Screwball Thriller. - The Lady Vanishes review by Steve

Spoiler Alert
Updated 01/03/2021

As war in Europe became inevitable, this is the film in which various British dilettantes, obsessives and eccentrics put aside denial and appeasement and finally realised that they had to fight or die.

In his film debut, Michael Redgrave is a musicologist researching middle European folk music and becomes (initially) antagonistically entangled with Margaret Lockwood's pleasure-seeking it-girl on one last fling before marriage.

On a train back from the Balkans, dotty dowager/secret agent Miss Froy is abducted and only Lockwood and Redgrave are willing to get involved, while they backchat and fall in love.

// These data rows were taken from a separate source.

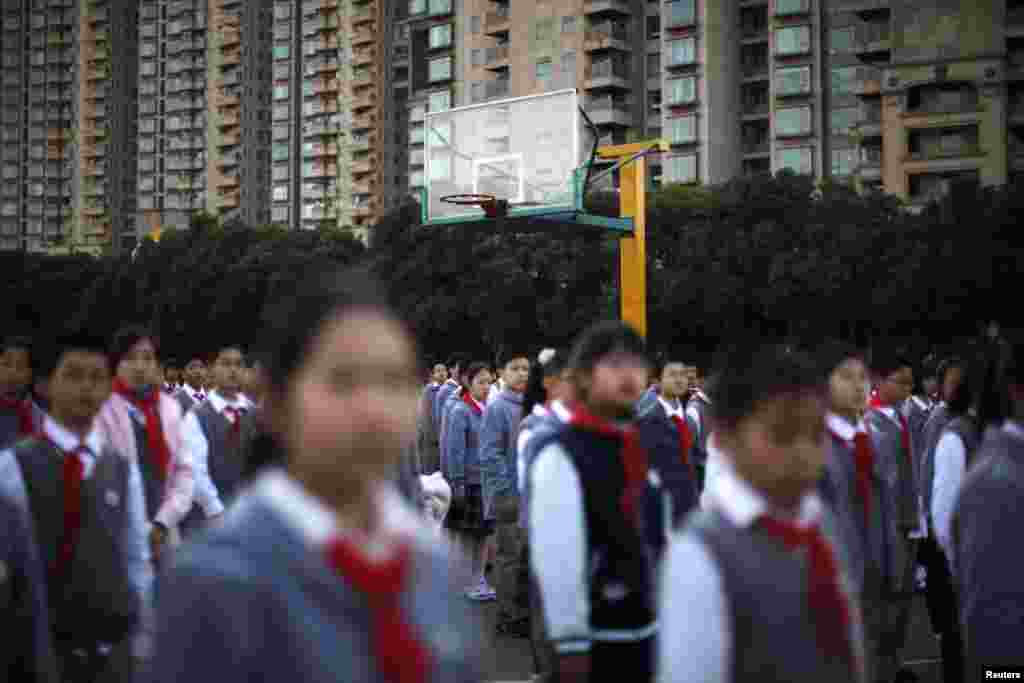 Young Pioneers gather during a flag-raising ceremony at the East Experimental School in Shanghai.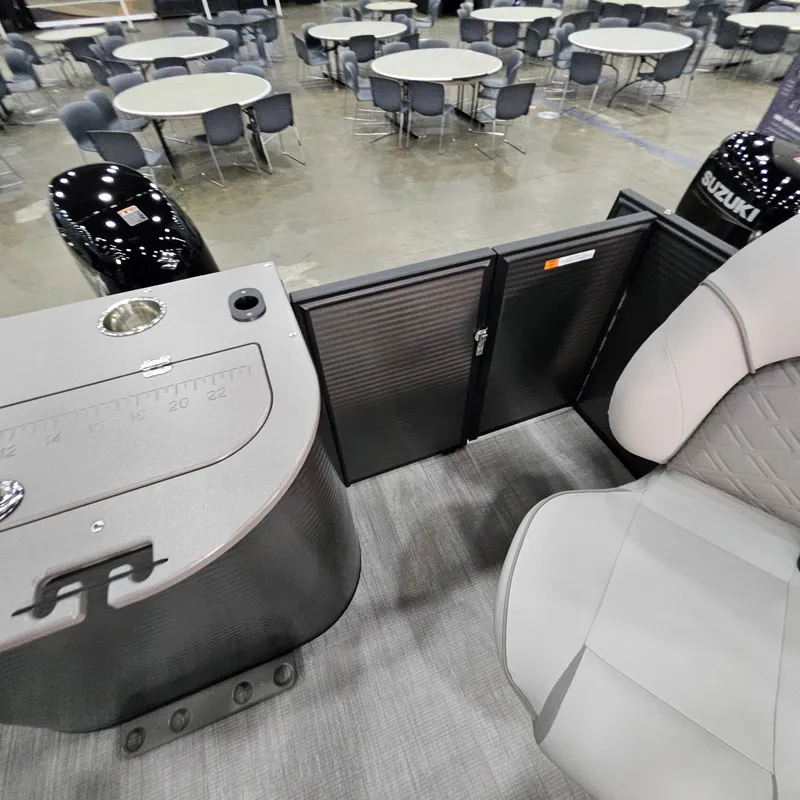Slide: The Image of Interior of 2025 Qwest E 20XRE boat with seating and control panel. - 27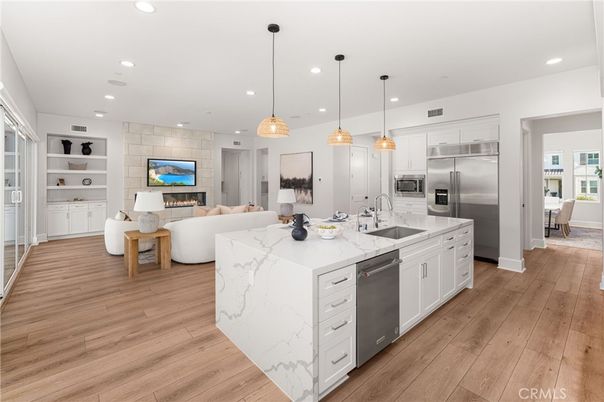 Fireplace, Interior, Kitchen, Living room, Pendant Lights, Recessed Lighting, Stainless Steel Appliances, Wood Texture Flooring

This is a classic of Hitchcock's British years, fast paced, suspenseful (of course) with a brilliant cast of support characters, particularly the immortal English everymen, Charters and Caldicott. Even Hitch's genius is matched by a superb screwball script from Launder and Gilliat. It's just so gloriously entertaining and the ultimate train film. Hitch’s releases before he left for Hollywood stand isolated at the peak of UK cinema of the thirties.

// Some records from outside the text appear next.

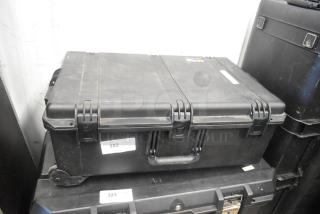 Ditogear hard case with locks, containing cables, Vipow LP7.5-12 battery, Dragon Frame, and Ditogear unit, shows slight wear.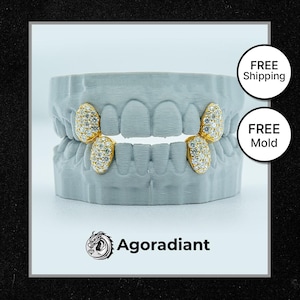 May include: A set of three gold-plated teeth with diamond accents, displayed on a white dental mold. The teeth are designed to be used as a grill, a type of removable dental jewelry. The image includes the text "FREE Shipping" and "FREE Mold".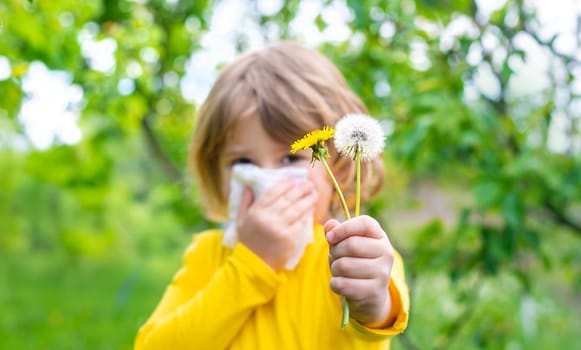The child is allergic to dandelions. Selective focus. Kid.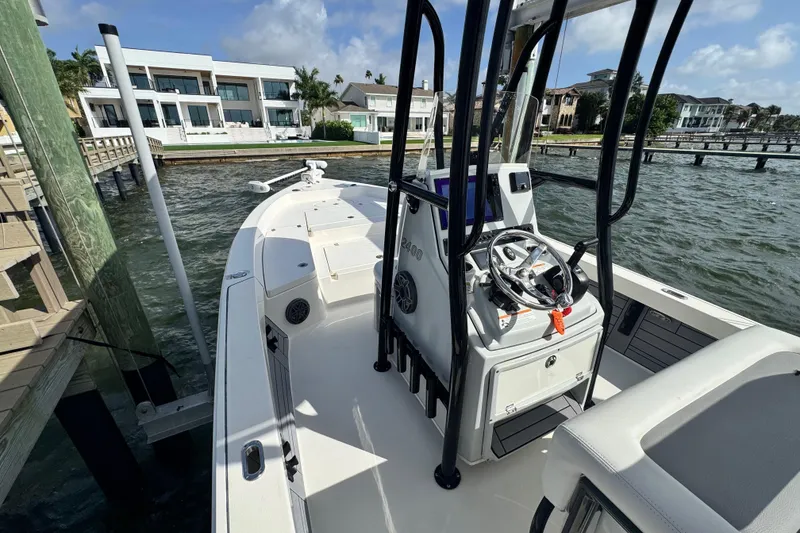 Slide: The Image of 2022 Pathfinder 2400 TRS boat docked by waterfront homes under a clear sky. - 40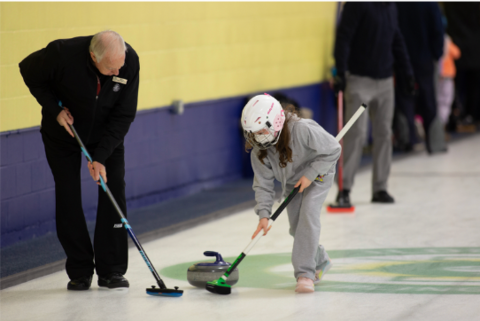 An adult and a child wearing a helmet play curling together on the ice, each holding a broom while guiding a stone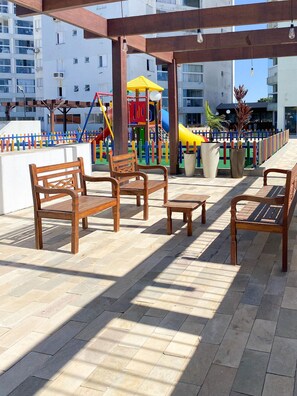 Een overdekt buitengebied met houten banken en tafels, een speelconstructie voor kinderen op de achtergrond en uitzicht op woongebouwen.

3 out of 3 members found this review helpful.

Hitchcock Classic before he left for Hollywood - The Lady Vanishes review by AB

Spoiler Alert
02/09/2017

Proving that nobody does it like Hitchcock, this movie is a shining example of mystery and suspense without the need for gratuitous violence or other degeneracy so loved by the contemporary Hollywood scene. Those weaned on Tarantino will find it too tame - but lovers of such writers as Agatha Christie or Ngaio Marsh will have a lot of fun.

2 out of 2 members found this review helpful.

Tea and Disdain - The Lady Vanishes review by CH

Spoiler Alert
26/04/2022

A point rarely made was put well by Manny Farber some eight decades ago: “script writing has been rare that could make the whole equal to its good parts, as were Alice Adams, Wuthering Heights and The Lady Vanishes”.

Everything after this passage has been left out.